The propensity of the LIMPs to form hairpins as RNA and cruciforms as DNA, as depicted on Fig. 2b and c, respectively, was evaluated using mfold [19], a program that calculates the free energy (ΔG) of a DNA or RNA secondary structure. For the RNA hairpin, ΔG ranged between −101.7 and −21.7 kcal/mol (Table 2), compatible with the formation of at least some of these structures in vivo. To evaluate the propensity of the DNA to form cruciforms at the LIMP loci, we compared the free energy of the linear double-stranded B-DNA with that of the second-best structure, a cruciform where each strand folds onto itself according to the palindromic nature of the LIMP. As expected, the cruciform structure was markedly less stable, with an average difference 23.3 +/− 0.2 kcal/mol. This indicates that a DNA cruciform can form only if negative super-helicity is imposed to the molecule (see Discussion).
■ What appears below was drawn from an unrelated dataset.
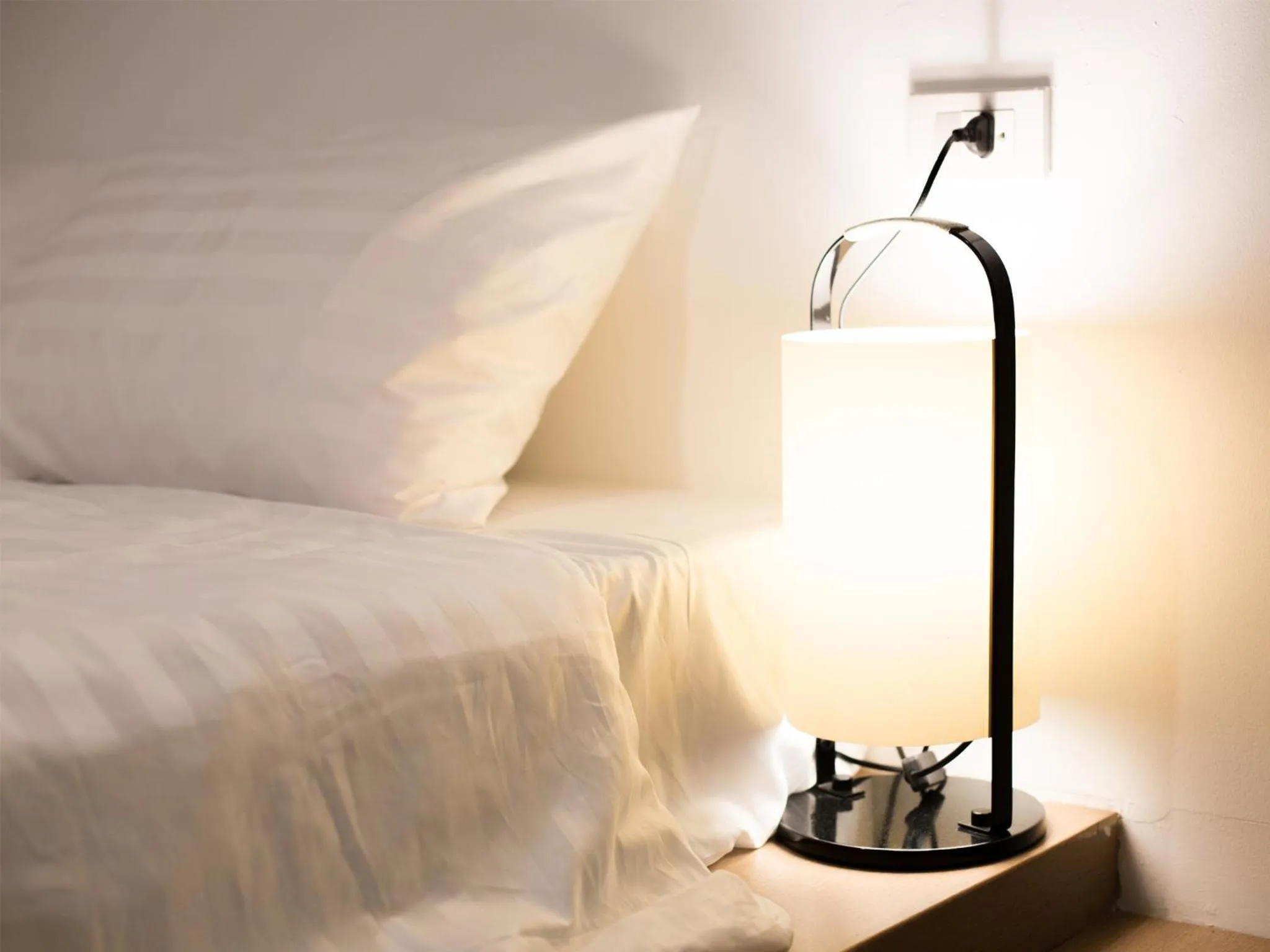 Bedroom, Bed in Sleeping Well Chiangkhong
LIMPs can be sites of genome rearrangements

Remarkably, all LIMPs share (virtually) identical flanking sequences with at least one other LIMP (Fig. 2a). The regions of identity are short, covering between 15 and 70 bp immediately next to the LIMPs, except for LIMPs #5 and 15 that share 104 bp of left flank and for LIMPs #10 and 15 that share 114 bp of right flank. Some LIMPs share only one flank (e.g., LIMPs #1 and 11), others show identity on both sides (e.g., LIMPs #16 and 18), and there are LIMPs sharing reverse-complemented flanks, where the left flank of a LIMP corresponds to the complementary sequence of the right flank of another LIMP or vice-versa (e.g., LIMPs #11 and 13 or LIMPs #7 and 14). For LIMP #10, the shortest of all LIMPs, the right flank is the reverse-complement of the left flank, so that the palindrome in this case is extended by 21 bp on each side. In a couple of instances the identical flanks actually correspond to copies of intergenic dispersed sequences that are found at other positions on the genome (Table 1). For example, LIMPs #4, 16 and 18 (Fig. 2a) are inserted within copies of repeat_2 that is found 16 times in the genome.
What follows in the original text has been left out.